Friday, October 26, 2012

A map of London painted in Twitter languages

Joanna Carver, reporter


(Image: Ed Manley & James Cheshire)

Twitter has its own #language, but this map shows that in the home of the Queen's English, the Twittersphere is a polyglot place.

Using an algorithm adapted from web browser Google Chrome, engineering doctorate candidate Ed Manley and spatial analysis lecturer James Cheshire, both from University College London, were able to detect the language of tweets sent from the London area over the summer. Of 3.3 million tweets, 92.5 per cent are, not surprisingly, in English.

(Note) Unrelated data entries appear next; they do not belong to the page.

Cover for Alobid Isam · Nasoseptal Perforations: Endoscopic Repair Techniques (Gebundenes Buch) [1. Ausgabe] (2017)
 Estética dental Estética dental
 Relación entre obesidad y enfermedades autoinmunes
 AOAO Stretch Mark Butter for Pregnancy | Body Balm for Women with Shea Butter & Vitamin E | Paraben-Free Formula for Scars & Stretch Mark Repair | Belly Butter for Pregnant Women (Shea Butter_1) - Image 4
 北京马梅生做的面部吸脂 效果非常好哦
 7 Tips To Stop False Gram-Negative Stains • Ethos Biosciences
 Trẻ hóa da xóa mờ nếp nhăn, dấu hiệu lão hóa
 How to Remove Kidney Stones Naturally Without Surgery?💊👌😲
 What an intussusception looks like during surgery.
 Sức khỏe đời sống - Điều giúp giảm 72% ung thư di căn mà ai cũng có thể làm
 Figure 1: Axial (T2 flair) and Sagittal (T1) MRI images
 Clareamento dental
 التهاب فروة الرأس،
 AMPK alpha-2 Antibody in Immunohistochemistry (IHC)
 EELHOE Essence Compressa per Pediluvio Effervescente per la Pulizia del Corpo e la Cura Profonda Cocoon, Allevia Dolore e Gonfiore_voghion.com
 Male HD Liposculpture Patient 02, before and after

The biggest tweeting tongues after that are Spanish (grey), French (red), Turkish (dark blue), Arabic (green), Portuguese (purple), German (orange), Italian (yellow), Malay (turquoise) and Russian (pink).

Arabic tweeters are busy in the strongly Middle Eastern area of Edgware Road, to the north-east of Hyde Park. They are also thick on the ground in the top-drawer shopping districts of Knightsbridge and Kensington. Turkish tweeting is spread across north London, while there are clear hotspots of Francophone activity - one in fashionable Notting Hill and another at the Institut Fran?ais.

"We're just showing that people can see this pattern going on," Manley says. "I hope this helps people think about the people who use Twitter."

Sixty-six languages were detected overall, and Manley said he was surprised to find a few in Basque, Haitian Creole and Swahili. Quite a few seemed to be written in the Filipino language Tagalog, but most of them turned out to be phrases like "hahahahaha" or "lolololol," and were excluded.

"I don't know much about Tagalog," Manley says on his blog, "but it seems like a fun language."

Manley's and Cheshire's work contrasts starkly with census information, which puts English-speakers in London at 60 per cent, leading Manley to conclude that either people tweet more in English or that English-speakers tweet more.

Manley, a Twitter user himself, thinks that one of the reasons people tweet is to build communities.

"I think it's a sort of democratisation of communication in a way," he says. "Because what you know have is you can communicate with anyone directly without any barrier. You can tweet Barack Obama and he might reply, though he probably won't."